As a newcomer, the challenge isn’t just learning what these terms mean.

It’s understanding which role each term belongs to
and how those roles relate to each other.

What I didn’t see at first was how closely language and structure are connected.

Many discussions sounded technical on the surface. But underneath, they were really about how different parts of the system relate to each other.

Without orientation, even precise terms can add more noise than clarity.

This isn’t specific to eMobility

You see this in many industries where IT systems are involved.

It took a while until I could tell which roles were actually central in a charging scenario, and which ones were supporting.

At first, everything sounded equally important.

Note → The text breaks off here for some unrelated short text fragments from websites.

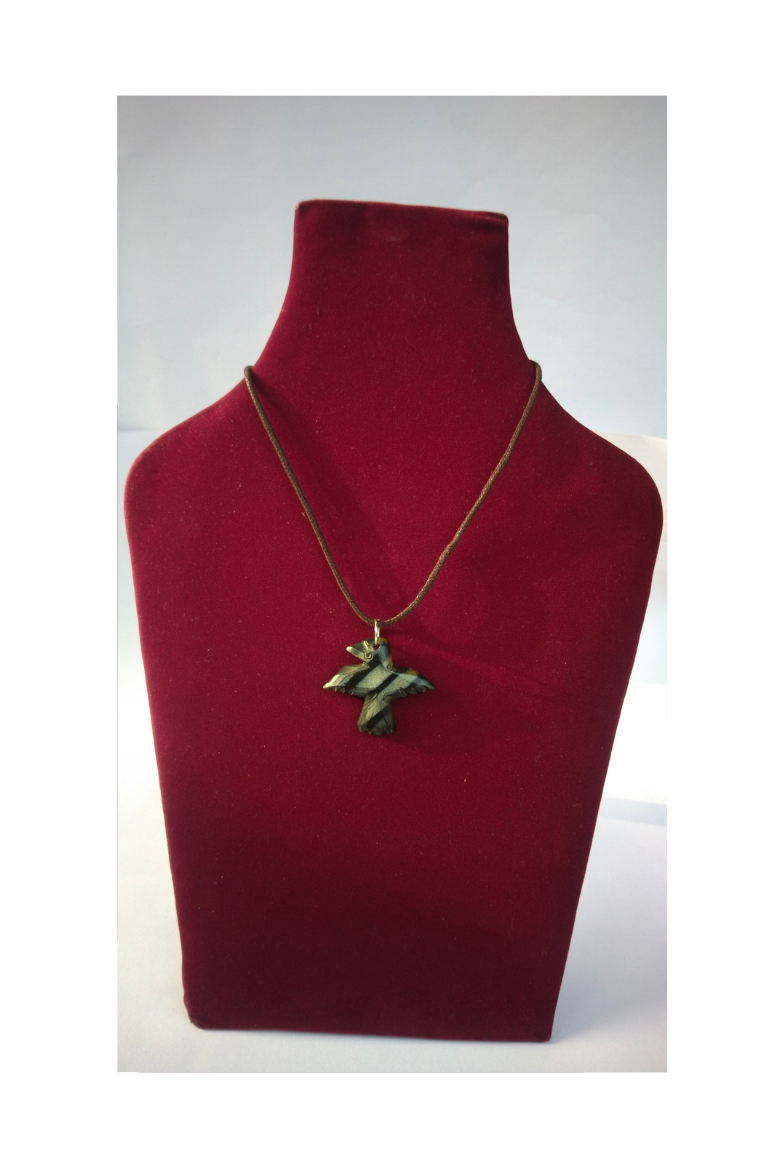 Artisan Eagle Pendant Necklace in Buffalo Horn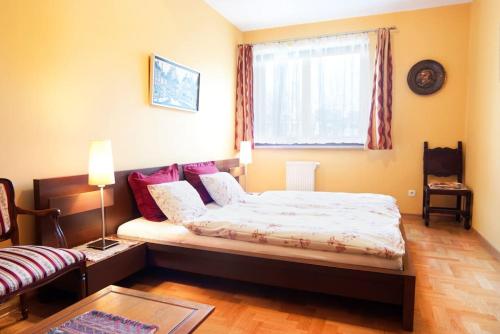 Trinity Apartment – Krakow, AL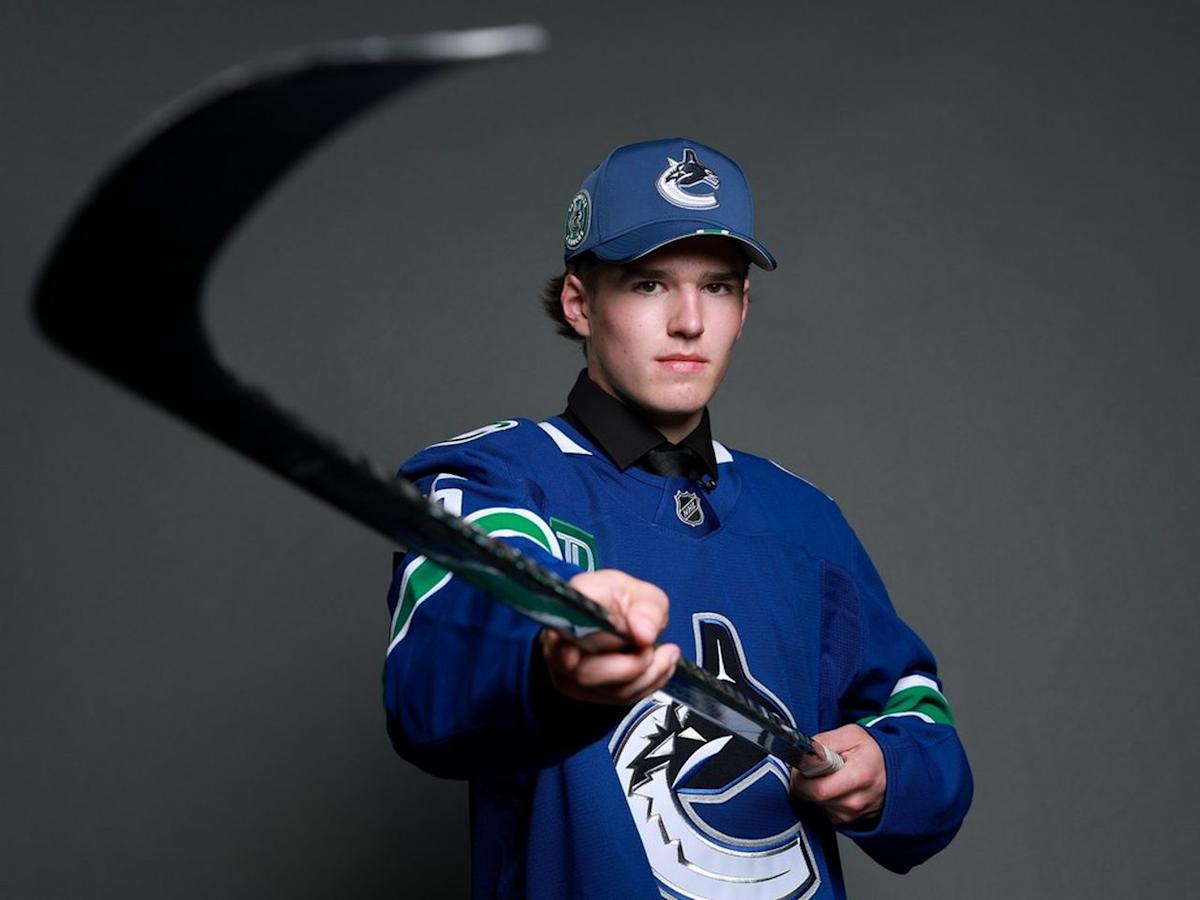 Canucks lock down star prospect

Only later did I start to see where my company fit into this picture and what role we were actually playing in the larger system.

Shared language matters more than it seems

I won’t introduce a glossary today.
And I won’t explain terms.

That will come later.

What matters more right now is understanding why a shared understanding is so important.

Across companies.
And within them.

The same role can be referred to by different terms.
And the same term can mean different things depending on context.

In the best case, this leads to short misunderstandings.

In the worst case, it leads to meetings and emails that quietly carry those misunderstandings forward.

Simply because it was never fully clear who or what was actually being talked about.

What would have helped me earlier

What would have helped was a simple picture.

A simplified view of who is involved in an EV charging scenario and how those roles interact directly and indirectly.

Not complete.
Not perfect.

Just enough to distinguish main actors from supporting ones.

Once I had that first picture, a version 1.0, everything else became easier to place.

Adding more roles felt natural.
Processes and responsibilities made more sense.
Even protocols started to fall into place.

Not as details to memorize.
But as elements you could finally locate.

Finding your own place

That first simplified picture did something else.

It helped me understand where I stood.

Which role I was playing.
And how my work connected to the bigger picture.

That’s why I believe orientation has to come before terminology.

Before depth.
Before detail.

In the next issues, I’ll slowly build on this.

For now, it’s enough to notice how much clarity already comes from knowing who is actually involved and how those roles relate to each other.

We’ll continue from here.

Do you remember the first term you learned, before you knew where it fit?